Senate Bill 5564 has been signed by both the senate and house and is heading to Governor Inslee for signature (who is expected to sign the law). The law will make it easier for juveniles to seal their criminal records and dispose of debts that they cannot pay.
Under the new law, after disposition (i.e. sentencing) on a juvenile offense, the court will set the case for an administrative sealing hearing after the individual’s eighteenth birthday (or later) to make sure the case is sealed if all the requirements are met. If a case that could be sealed somehow falls through the cracks, the individual can also file a motion to seal the record, and get a hearing that way. At the hearing, the court shall seal the record so long as the offense is not a most serious offense, a sex offense under chapter 9A.44 RCW, or a felony drug offense, and some other conditions are met. If the offense is one of those more serious offense, it may still be sealed, but there are other applicable rules.
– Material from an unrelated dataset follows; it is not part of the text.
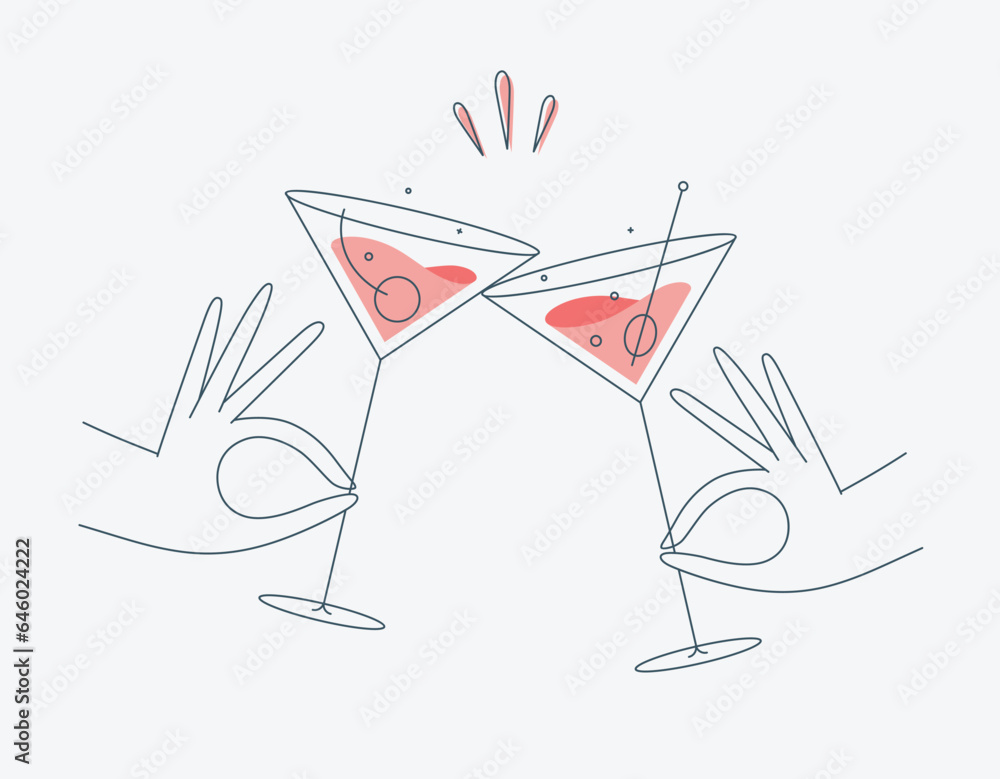 Hand holding cosmopolitan and manhattan cocktails clinking glasses drawing in flat line style - obrazy, fototapety, plakaty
Before sealing the record, the individual will have to pay off all of the restitution to the victim of the case, unless the victim is an insurance company. However, if the victim is ok with it, the court can covert the restitution amount to community service. The new law also allows the juvenile to reduce or eliminate the interest they previously had to pay on their case.
The new law is attempting to make it easier for juveniles convicted of crimes to assimilate back into the community and be productive members of society.